Books

Geraldine Brooks Rides a Horse for the Ages

Her new novel traces an incomparable equine down the stretch of history


A horse is a horse, of course (of course). But Lexington, a bay colt born on a Kentucky farm in 1850, was by any measure extraordinary. As a racehorse, he was close to unbeatable, and such a pop icon that thousands once crowded into sweltering grandstands to watch him race solo, against nothing but a stopwatch. His subsequent legacy as a stud sire, however, proved even greater. Lexington sired 575 foals, four of whom went on to win the Belmont Stakes and three of whom won the Preakness Stakes (uncoincidentally named after another Lexington foal). Not until 1981 did his sire line essentially go extinct, concluding a spectacular and unparalleled genetic run. By that time, though, Lexington’s mounted skeleton—once displayed as an exemplar of the modern equine—was gathering dust in a Smithsonian attic, tagged with a nameplate bearing just a single shrunken identifier: Horse

The ironic understatement of that nameplate supplies the historical novelist Geraldine Brooks with her title and also, in a sense, her thematic thrust: that the intersection of one horse with so many human lives could transform all of them. The sprawling cast members in Brooks’s fictionalized take on Lexington’s life and legacy include an enslaved stable hand named Jarret; the real-life modern art gallerist Martha Jackson (1907–1969); a current-day Nigerian American art historian who discovers a link to Jarret in a Washington, D.C., trash pile; the brutish Confederate raider William Quantrill; and a young Australian scientist whose chance detour into Lexington’s history leads to both love and shattering heartbreak. 

The Australian-born Brooks has made a career of flouting Henry James’s contention that novelists should never venture back more than a half century from their own era, the “old consciousness,” in James’s opinion, being impossible to conjure. Brooks has set one novel in ancient Israel, another in seventeenth-century England. In her Pulitzer Prize–winning 2005 novel, March, she borrowed a character from Louisa May Alcott’s Little Women and set him adrift in the Civil War. Where James saw an inaccessible “old consciousness,” Brooks sees a universal human condition that transcends the boundary lines of time and place. The nameplate just says consciousness

I should note that, with a few exceptions, I tend to side with Team James. The reams of bad historical fiction published every year seem to continuously bolster his point. But Geraldine Brooks, for this reader, is one of those exceptions. She’s such a sharp pleasure to read. She renders the past without making you feel you’re wandering a cramped antique mall. She doesn’t port contemporary ideas into long-ago minds. Her research is meticulous, but she wears it lightly. And she writes supple, vigorous prose.

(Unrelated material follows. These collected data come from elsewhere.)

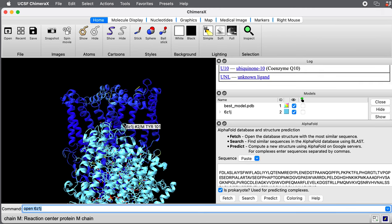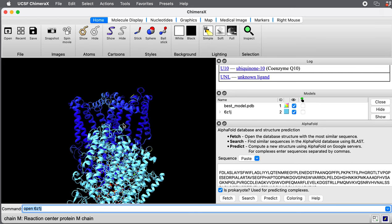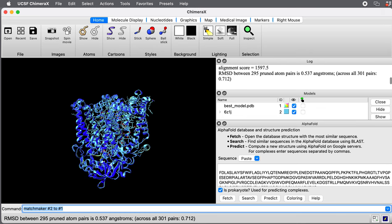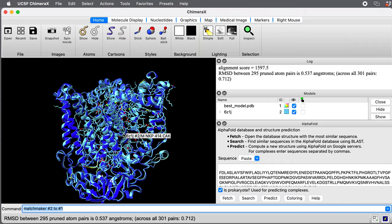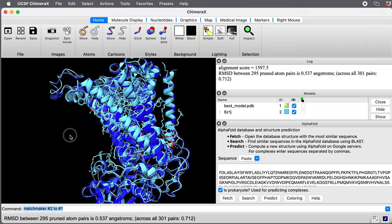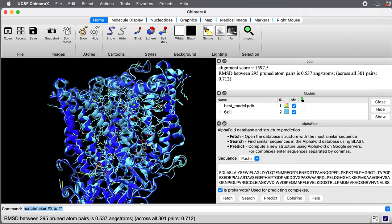It's not aligned. I'm going to align it. I'll do that with a command, matchmaker number two to number one. Align the experimental structure to the AlphaFold structure. There we go. You can see things look pretty good.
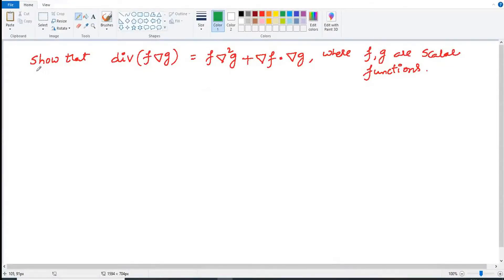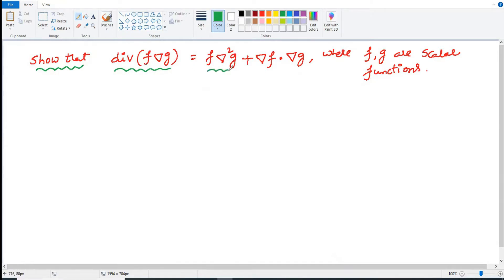Hi friends, welcome back to our channel. In this video I will explain another vector identity. Already we discussed some vector identities in earlier videos. We have to prove that divergence of f·del g is equal to f·del²g plus del f dot del g. Here f and g are scalar point functions.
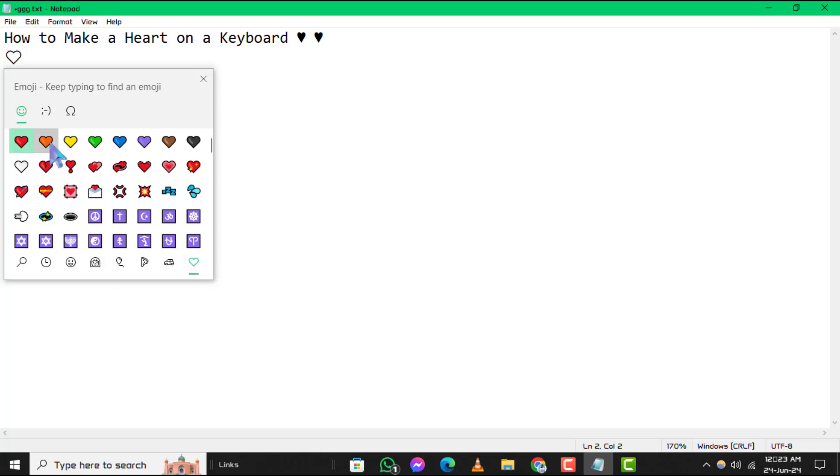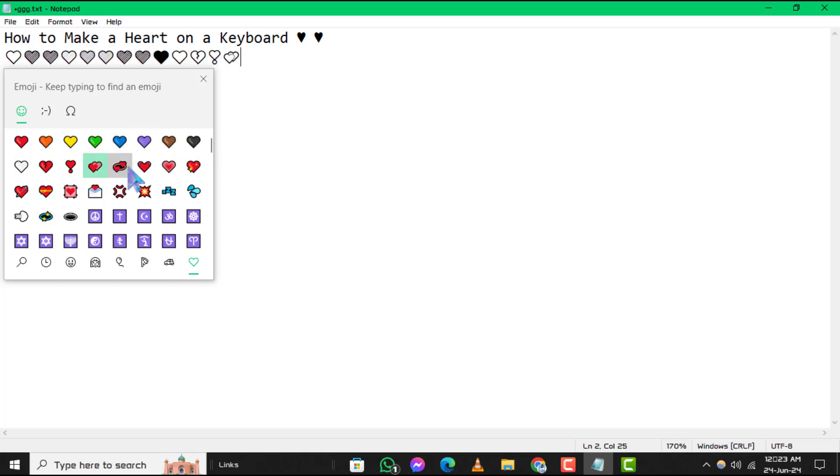Step 5: Click on the heart symbol you wish to use and it will automatically be inserted into your text box or document at the cursor position.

Here she is, evoking the New Orleans that greets Jarret and Lexington on their first visit: “The smells were various, pungent: the tang of sassafras, the biscuit aroma of fat and flour roasting together into rich, dark roux, the intoxicating fragrance of jasmine, roses, magnolias, and gardenias, and the intense perfumes of the women—old, young, their complexions every shade from linen through honey, pecan, ebony—in expensive fabric or simple calico…” Brooks, in short, operates one of the best time machines around.

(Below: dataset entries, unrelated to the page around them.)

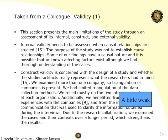Another taken from a colleague, this one about validity. This section presents the main limitations of the study through an assessment of its internal, construct, and external validity. We're missing reliability, but we'll forgive that. Internal validity needs to be assessed when causal relationships are studied. The purpose of the study was not to establish causal relationships. Some of our findings have a causal nature, and it is possible that unknown affecting factors exist, although we have a thorough understanding of the cases. They feel the point of internal validity, but they're not establishing the right thing — it's like they misunderstood internal validity.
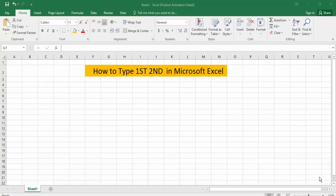Hello everyone, assalamualaikum. How are you all? I hope you are well. Welcome back to my channel. In this new video, today's topic is how to type 1st, 2nd, 3rd in Microsoft Excel. So let's get started.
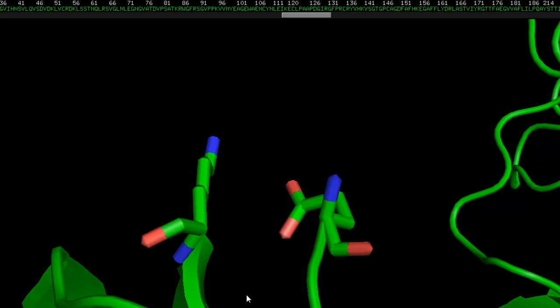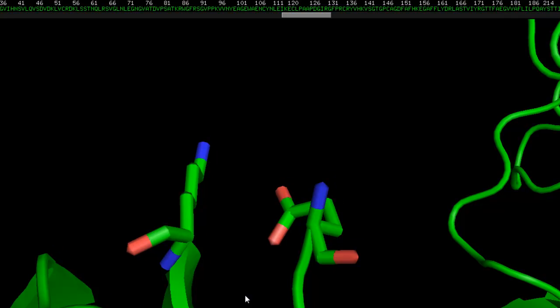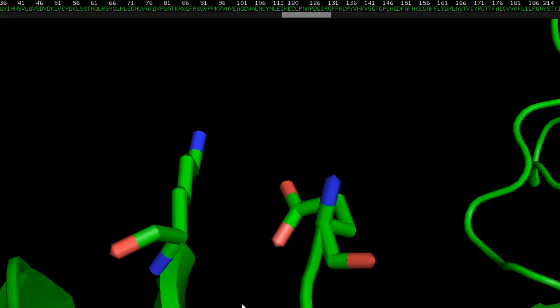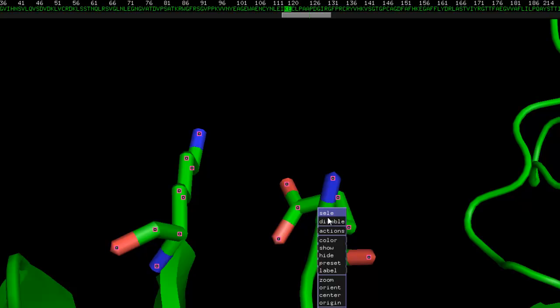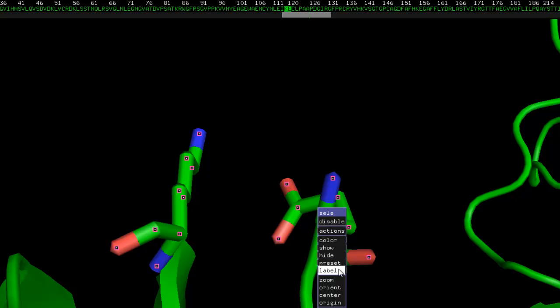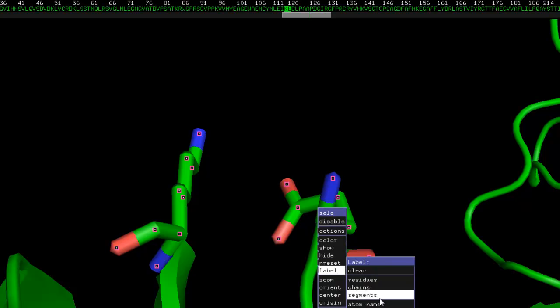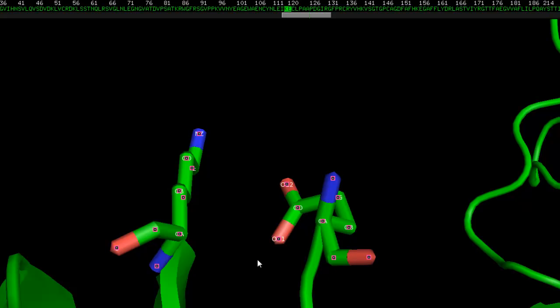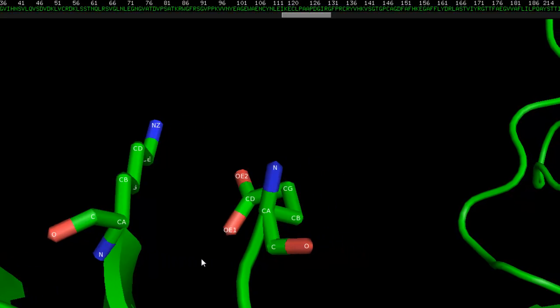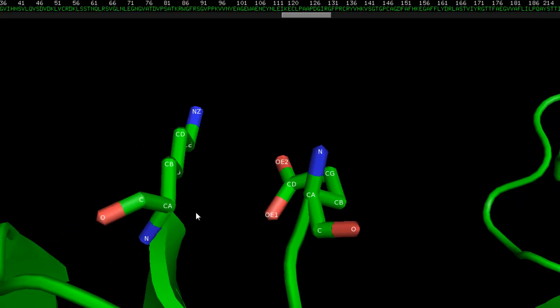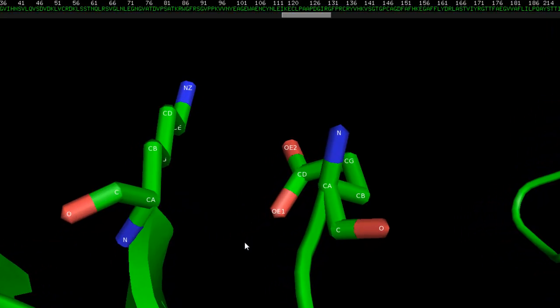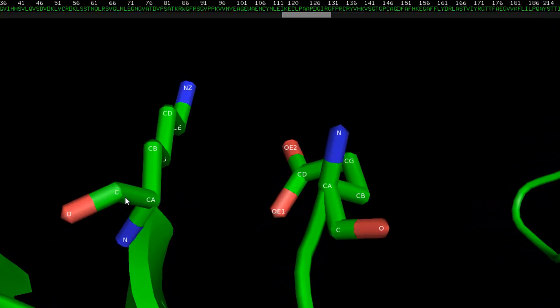Before we go to the editing menu, we're going to click on these two terminal residues. Right click, label, atom name. Now we can see the individual atoms, which makes the whole process a little bit easier. So what we're going to do is ligate or connect this carbonyl carbon onto this nitrogen right here.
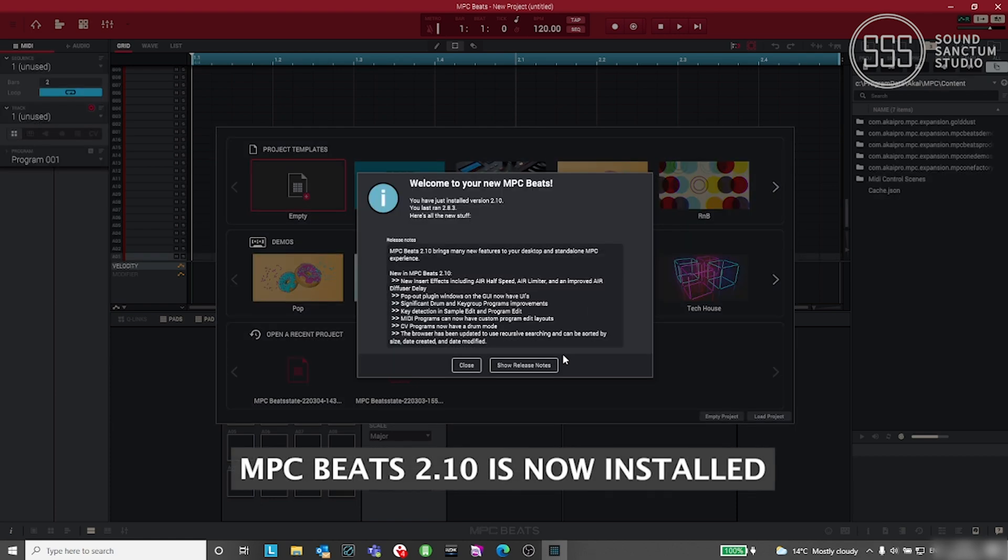MPC Beats has now been upgraded to version 2.10, which at the time of this video is the most up-to-date version of MPC Beats.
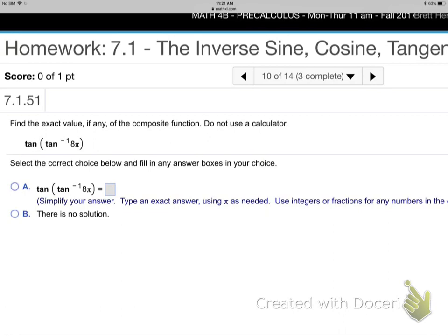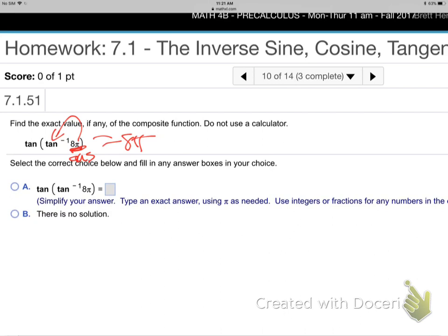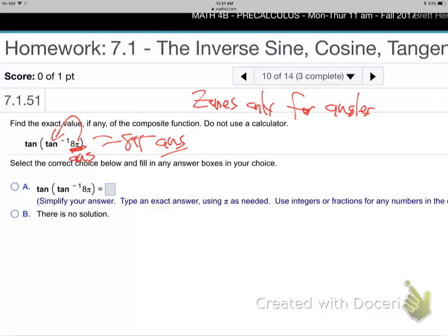Tell me about tangent inverse of tangent of 8π. Don't look at the pi and think it's an angle — look at who it's being put into. He's being put immediately into tangent inverse. What do you put into tangent inverse? Answers, not angles. Eight pi is an answer, not an angle — they made it look like an angle by sticking that pi there, trying to camouflage it. It's being put into tangent inverse; it's an answer. Therefore, the answer is just 8π. Zones are only for angles.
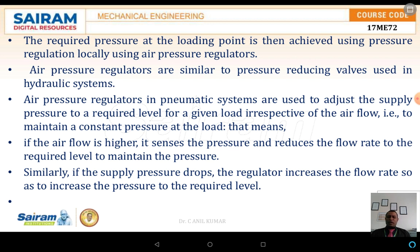The air pressure regulators are similar to pressure reducing valves used in hydraulic systems. The pressure regulator in a pneumatic system is used to adjust the supply pressure to a required level for a given load, irrespective of the air flow, to maintain a constant pressure at the load end or application end. If the air flow is higher, it senses the pressure and reduces the flow to the required level to maintain the pressure. Similarly, if the supply pressure drops, the regulator increases the flow rate so that the pressure is maintained at the required level. For that reason, the air regulator is another basic essential component in the line.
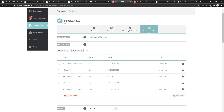We have just successfully configured dynamic DNS on OpenWrt. You can combine this tutorial with OpenWrt port forwarding to remotely enable SSH access to your router, or combine it with an OpenVPN or WireGuard VPN server and client — all of which have tutorials available on the channel.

Lexington’s life alone provides enough protein for a novel. His original owners were a physician and a former slave named Harry Lewis; Lewis (in Brooks’s version, the fictional Jarret’s father) was cut out of the deal when Lexington was sold. Lexington ran four-mile heats, not the modern dashes we’re accustomed to, which meant that stamina and strategy—the grist for good racing stories—were paramount. He went blind at his peak. During the Civil War, he was spirited north to Illinois to save him from Confederate horse thieves. But Brooks stitches other stories into Lexington’s, tracking the reverberations of his life—and the lives of those who cared for and about him—through the twentieth century and into our own. Most significantly, she plumbs the odious absurdity of Jarret, like Lexington, being deemed property, and the poisoned power dynamic that persists—and persists, and persists—after Emancipation. A shock of a plot swerve near the end throws it all into bitter relief. “A racehorse is a mirror,” one character tells Jarret, “and a man sees his own reflection there.” A man, but also, in Brooks’s telling, a nation too.